Driver: Music Licensing Complexity and Copyright Enforcement
Growing copyright enforcement on content platforms and the complexity of music licensing are pushing creators toward AI-generated alternatives. Platforms like YouTube, Instagram, and TikTok use advanced Content ID systems to identify copyrighted music and enforce rights. Using unauthorized music can lead to content removal, loss of monetization, channel strikes, and even legal issues. Even music from licensed stock libraries can complicate things. Different licenses apply for various uses, such as personal, commercial, or broadcast. There may be geographic restrictions and requirements for attribution, as well as challenges in verifying licenses. For creators who monetize content, music licensing can be complicated and costly. Synchronization rights, mechanical rights, and performance rights must all be considered. Using commercial music often means paying multiple rights holders, which adds to costs and administrative work. AI music generation eliminates these challenges by creating original compositions with clear usage rights. Platforms typically offer simple royalty-free or subscription-based licensing with unlimited usage rights, permissions for commercial use, no attribution requirements, and perpetual licenses that ensure content remains usable indefinitely. The straightforward and secure nature of AI music licensing compared to traditional options offers significant value for creators, advertisers, and media producers.
Opportunity: Gaming Industry and Interactive Music Applications
The gaming industry presents a considerable growth opportunity for AI music generation through dynamic and adaptive music systems that respond to gameplay in real-time. Traditional game music relies on pre-composed tracks that trigger based on game states, which can lead to repetitive experiences and limit responsiveness to player actions. AI-generated adaptive music allows for dynamic soundtracks that react to game intensity, adjusting tempo and intensity during combat or exploration. It can also adapt to player choices, reflecting narrative consequences through music. This creates unique experiences with procedurally generated music that varies with each playthrough while maintaining musical coherence through seamless transitions. This interactivity enhances immersion and replayability. Major game developers and middleware providers are adopting AI music generation for various applications. These include indie game soundtracks, where budgets may not allow for full orchestral scores, mobile games needing varied music without large file sizes, procedurally generated games like roguelikes and open-world titles that require endless music variation, and live service games that continually add new content and need fresh music. Companies like Unity, through partnerships, and the Unreal Engine ecosystem, along with specialized gaming audio middleware, are integrating AI music generation capabilities. As the gaming industry continues to grow, projected to be worth over $250 billion by 2030, the demand for cost-effective and adaptive music solutions opens up significant market opportunities.

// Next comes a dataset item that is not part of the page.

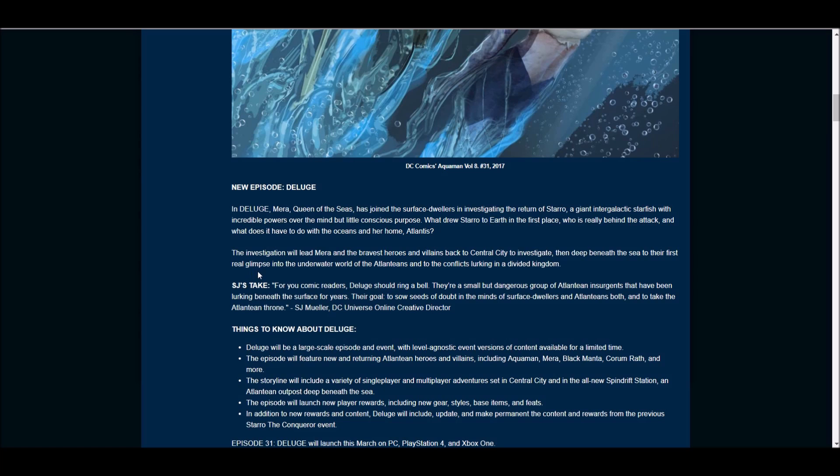The episode will feature new and returning Atlantean heroes and villains, including Aquaman, Mira, Black Manta, Carom, Wrath, and more. The storyline will include a variety of single-player and multiplayer adventures set in Central City.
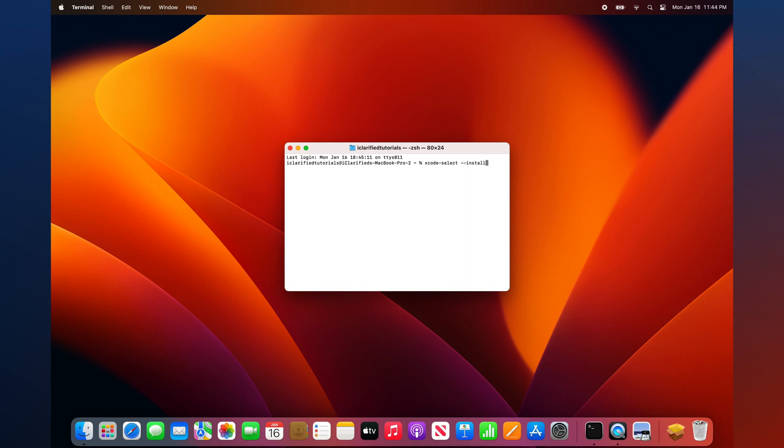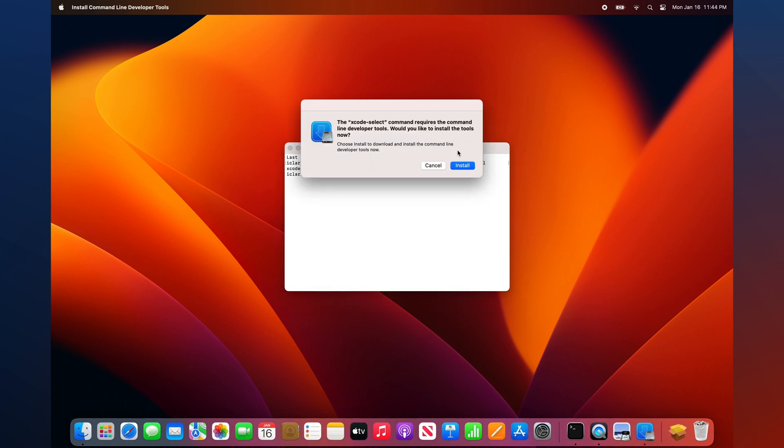A pop-up window will appear that reads: The xcode-select command requires the command-line developer tools. Would you like to install the tools now? Choose Install to download and install the command-line developer tools now.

Opportunity: Enterprise and Advertising Applications
Enterprise applications such as advertising, corporate videos, e-learning, and presentations represent a major untapped opportunity for AI music generation. Businesses generate large amounts of video content, including product demos, training videos, social media marketing, presentations, webinars, and advertisements—all of which can benefit from fitting background music. However, corporate users encounter challenges related to procurement complexity from licensing, which often requires legal review and contracts. They also face cost barriers since quality stock music can be expensive to scale. Many corporate users lack expertise in music production, making it harder to maintain brand consistency in audio identity across content. AI music platforms focused on enterprises provide solutions to these issues. They offer simple procurement through SaaS subscriptions which avoids complex licensing, cost-effective unlimited music generation that eliminates per-track fees, user-friendly interfaces that require no musical training, and brand customization options to create music that aligns with brand audio guidelines. Early adopters in the enterprise space include marketing agencies producing content for clients at scale, e-learning providers needing extensive audio for courses, corporate communications teams making internal videos, and small businesses creating social media content. Specialized platforms targeting enterprises are emerging, featuring team collaboration, brand presets, and usage analytics. The huge volume of corporate content production, paired with a clear return on investment from lowered licensing costs, creates a substantial market opportunity.
By Music Genre:
The cinematic and ambient segment is expected to hold the largest share in 2026. This genre is popular because of its atmospheric soundscapes and mood-setting qualities that improve content without overpowering narration or dialogue. YouTube creators often rely on cinematic music for travel vlogs, tutorials, product reviews, and storytelling. Corporate video producers use it for brand videos, presentations, and ads. Podcast producers incorporate cinematic elements for intros, outros, and transitions. Leading AI platforms provide extensive cinematic libraries that include sub-genres like epic/inspirational, peaceful/meditative, tension/suspense, and uplifting/hopeful tracks. The versatility and wide applicability across content types make cinematic and ambient music the leading genre in AI music generation.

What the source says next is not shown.